The church had one more hurdle – the city’s approval to rezone the properties and grant a conditional use permit – which Burpo said she didn’t even expect to be a hurdle at all until the week before the January planning and zoning board meeting when a wave of neighborhood concerns erupted on social media.

“From the outside, these homes weren’t going to look any different than they do now and we were focused on all the positive outcomes we were expecting – mainly restoring these struggling people back to their families as contributing members of society,” Burpo has said said. “We honestly didn’t expect this kind of neighborhood protest.”

The church organized a last-minute public meeting the week of the P&Z hearing to answer any questions or concerns people might have had about their plans and the safety precautions they would have in place.

Several members of the seven-member P&Z board attended the church’s informational meeting and three of them, including Carolyn Flood, Jean Crosswhite and Judy Whipple, voted to recommend both the rezoning request and the conditional use permit at the January hearing.

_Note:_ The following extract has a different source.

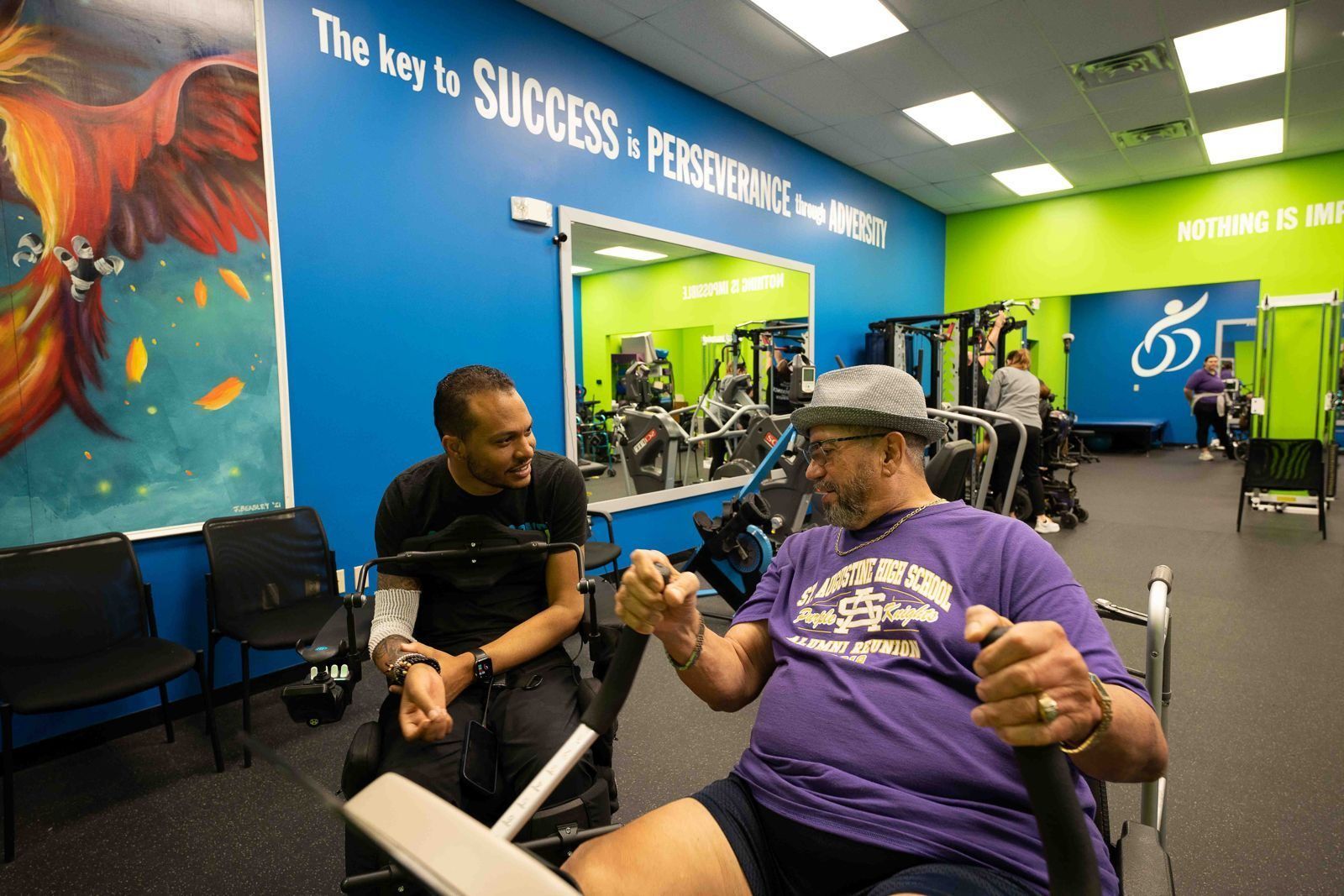 Mark Raymond Jr., in his wheelchair, talks with a member working out on an arm cycle beneath a mural that reads The key to success is perseverance through adversity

A fourth member, Reggie Redwine, voted to recommend the zoning change but against the conditional use permit.

That landed the ultimate decision in the lap of the city commission which voted in February to table the agenda item and then allowed the zoning request to die when none of the remaining commissioners – Tammy Mueggenborg, Roxanne Alexander or Bill Tucker – offered a second to Prim’s motion to approve the zoning change.

(As mayor, Steve Richards can vote on motions but can’t offer or second them.)

What’s Next?

When asked by a commissioner what recourse the church had since its request was not approved, Harrison said any city commission decision is appealable to district court.

Burpo, who did not speak at the meeting other than in response to citizen questions and concerns, later told the

Times and Free Press:

“I must confess, tonight’s meeting was a disappointment and confusing in many ways. After three meetings of discussing pros and cons regarding sober living environments, it came down to, ‘we really don’t have anything that fits your request, so let’s just get this done, allow the motion to die for want of a second and not vote.’

“I think that is the most disheartening part. It appeared all those weeks of waiting and then meetings didn’t seem to matter.

“Was it an easy way out of a difficult decision? Probably so.”

However, Burpo said the church was not ready to abandon its plans.

“Honestly, we don’t see this as a defeat, only a slight detour in the process,” she said. “Throughout this process, we have received abundantly more support than opposition. This community knows and backs the need for sober living homes and I know they will help us move forward.

“I believe if God brought us this far in the process, he will certainly help us complete the task and provide the homes needed, and debt-free, as we originally planned. He has never failed us yet and that brings me great hope in this situation.”